Question

If f is a real valued function such that $f(x + y) = f(x) + f(y)$ and $f(1) = 5$, then the value of $f(100)$is
(1) $200$
(2) $300$
(3) $350$
(4) $400$
(5) $500$

Answer 1

In the given question, a real valued function is given, along with a value for that function. To find the value of $f(100)$, we need to substitute values for $x$and $y$. By doing this, we can figure out a pattern in which values have been given to the function. Hence, we can arrive at the final answer.
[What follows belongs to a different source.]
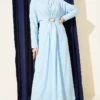 Dress with Ruffled Detail and Polka Dots Blue en gros dress - Hicabistan usine Turquie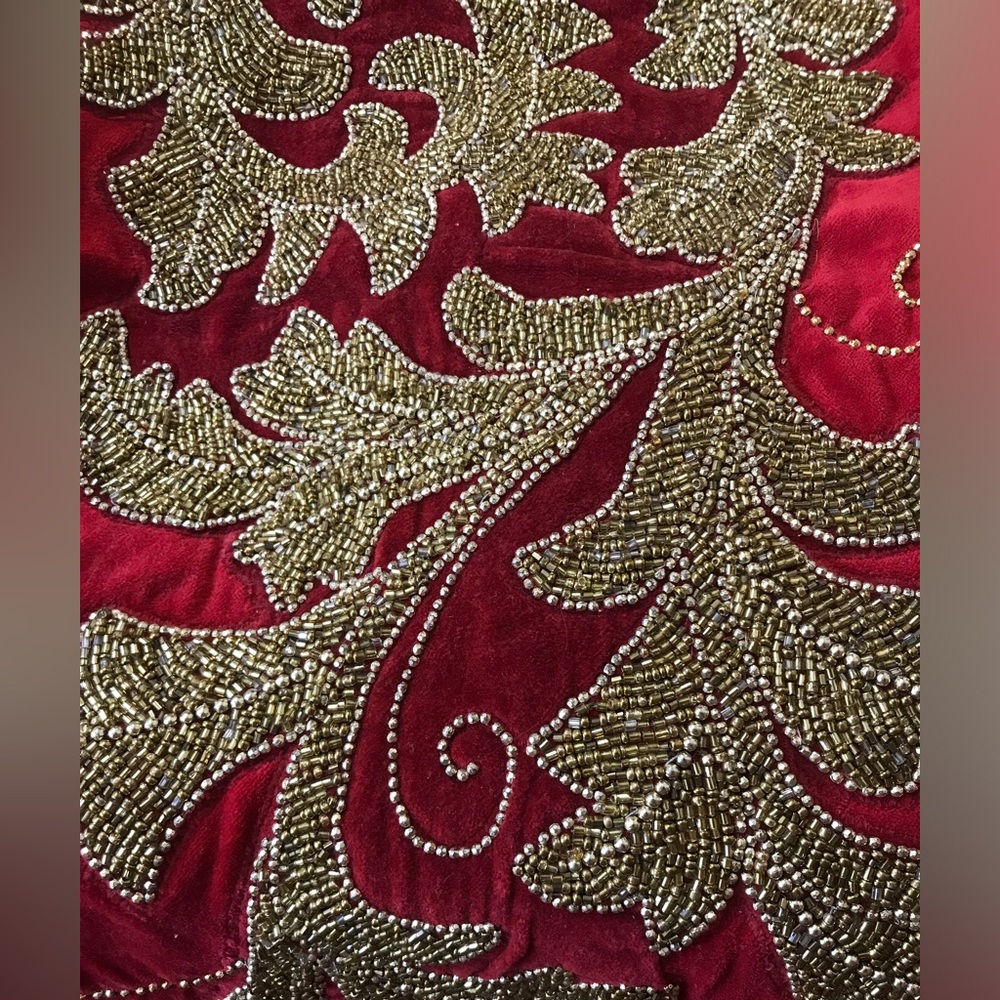 Grammercy Studios Red with Heavy Gold Beading Table Runner - Picture 6 of 15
Complete step-by-step solution:
Consider the given function, $f(x + y) = f(x) + f(y)$
It is also given that $f(1) = 5$.
Now, let us substitute values for $x$and $y$.
If, $x = 2,y = 1$,
The real valued function will be,
\eqalign{ & \Rightarrow f(1 + 1) = f(1) + f(1) \cr & \Rightarrow f(2) = 2f(1) \cr}
Substituting the value of $f(1)$in the above equation,
\eqalign{ & \Rightarrow f(2) = 2 \times 5 \cr & \Rightarrow f(2) = 10 \cr}
Now let us take another set of values for substituting in the function.
If, $x = 2,y = 1$we get,
\eqalign{ & \Rightarrow f(2 + 1) = f(2) + f(1) \cr & \Rightarrow f(3) = f(2) + f(1) \cr}
We know the values of both $f(1)andf(2)$
Therefore, by substituting, we get,
\eqalign{ & \Rightarrow f(3) = 10 + 5 \cr & \Rightarrow f(3) = 15 \cr}
From the above equations, we have figured out a pattern which is yielding us the values of the real valued function. That is,
For any positive integer, $n$
$f\left( n \right) = nf\left( 1 \right)$
Now, we can find out the value of $f\left( {100} \right)$by substituting $100$in the place of $n$in the above equation.
\eqalign{ & \Rightarrow f\left( {100} \right) = 100f\left( 1 \right) \cr & \Rightarrow f\left( {100} \right) = 100 \times 5 \cr & \Rightarrow f\left( {100} \right) = 500 \cr}
The final answer is $f\left( {100} \right) = 500$.
Hence, option (5) is the right answer.

Note: A real valued function will always have real values. This is done by a trial method, where values are substituted for the real valued function to get the pattern. Therefore, make sure that you start with small integers. After one or two such trials you will be able to figure out the pattern.